**Goal of the exercise**
Please repeat exactly the lines below from the one containing "Diyarbakır’da Temiz Kent" down to the one containing "gucci 165903 3g646|Gucci", both included, and nothing else.

**Material for this exercise**
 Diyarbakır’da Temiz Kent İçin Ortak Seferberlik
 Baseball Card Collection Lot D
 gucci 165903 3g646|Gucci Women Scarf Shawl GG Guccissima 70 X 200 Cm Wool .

==

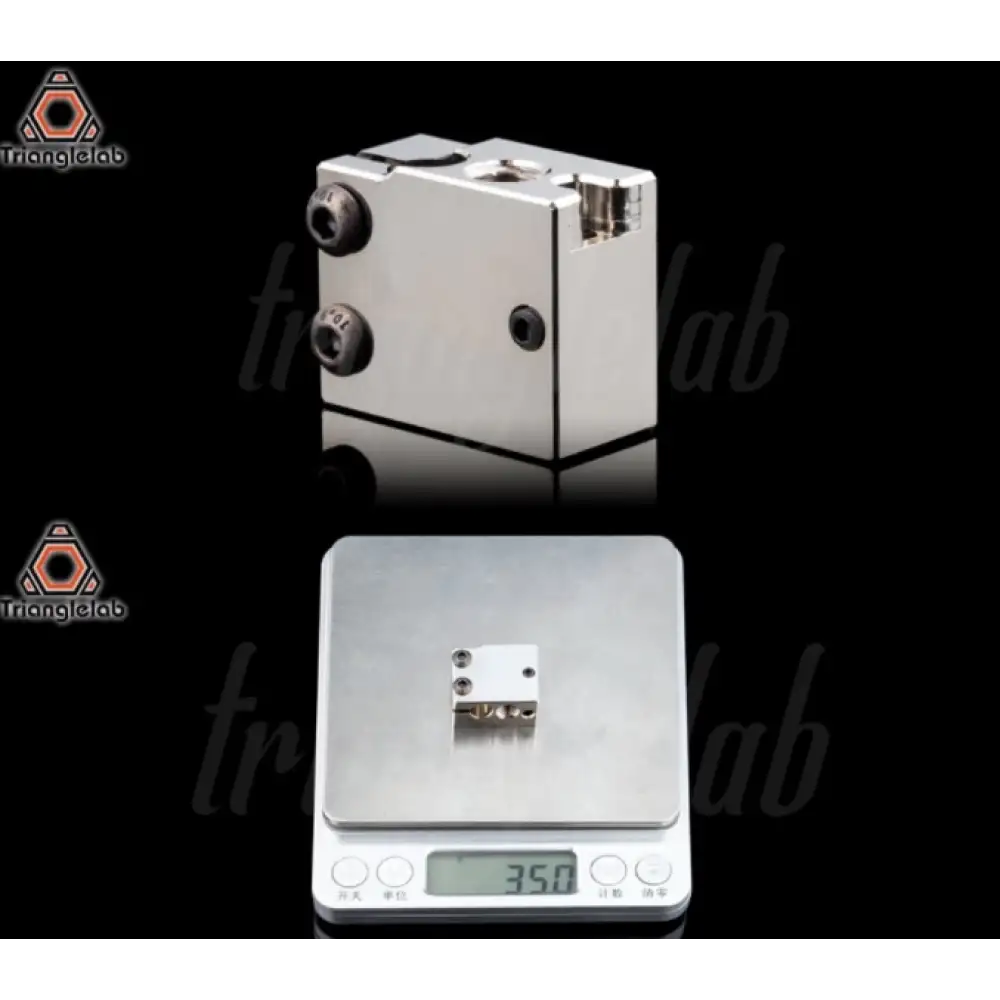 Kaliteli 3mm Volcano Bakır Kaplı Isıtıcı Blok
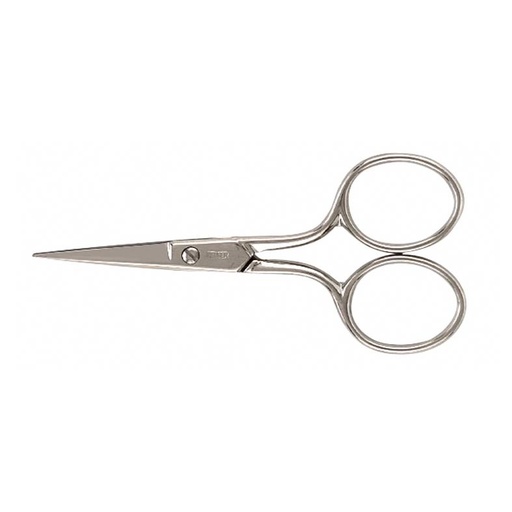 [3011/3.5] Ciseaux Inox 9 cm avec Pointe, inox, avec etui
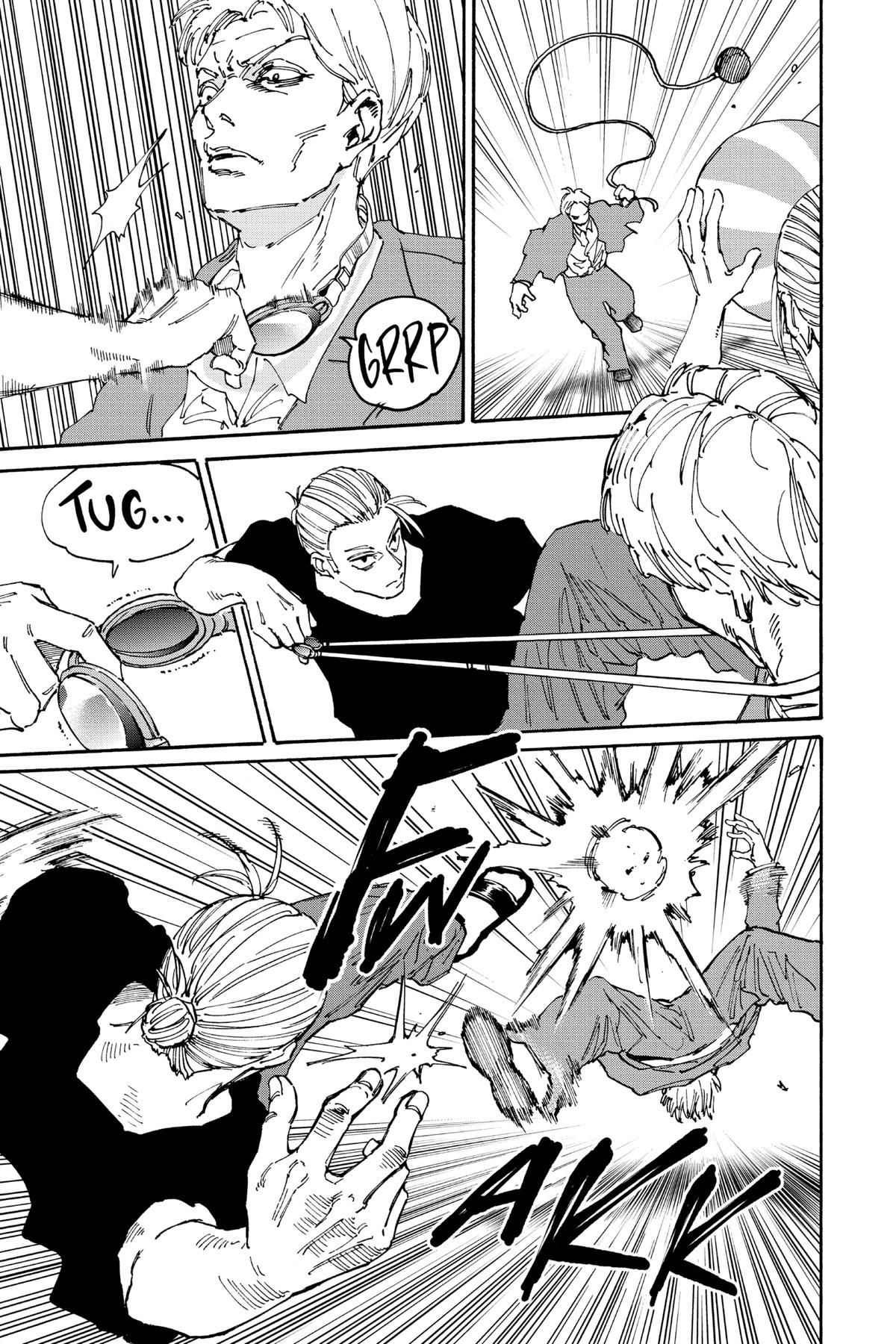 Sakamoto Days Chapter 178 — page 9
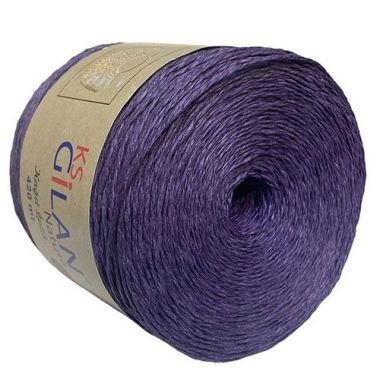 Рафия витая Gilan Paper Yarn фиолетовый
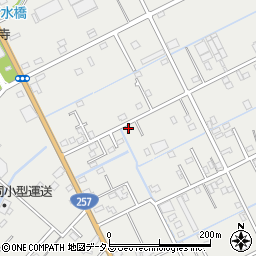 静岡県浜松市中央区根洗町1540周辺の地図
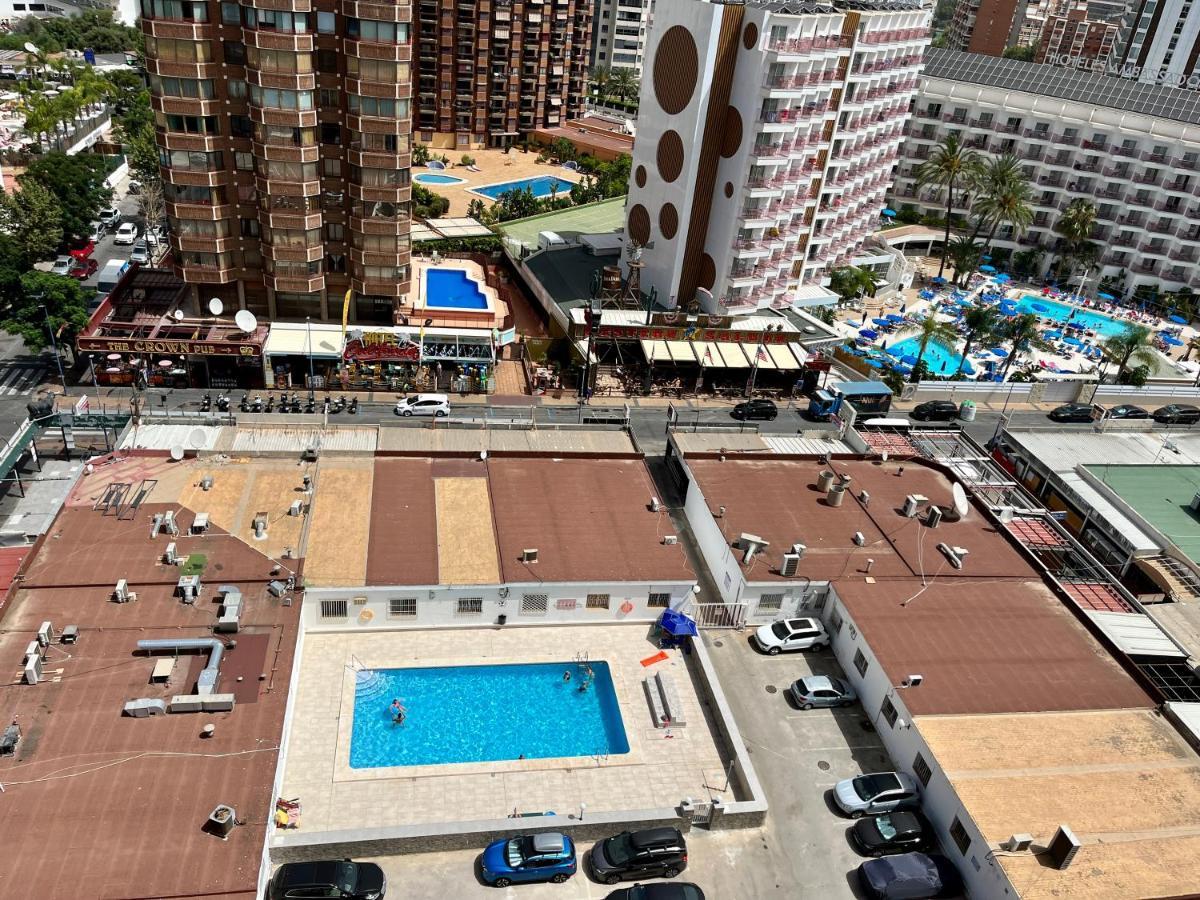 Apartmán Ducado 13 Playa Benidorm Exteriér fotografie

**Task result**
 Diyarbakır’da Temiz Kent İçin Ortak Seferberlik
 Baseball Card Collection Lot D
 gucci 165903 3g646|Gucci Women Scarf Shawl GG Guccissima 70 X 200 Cm Wool .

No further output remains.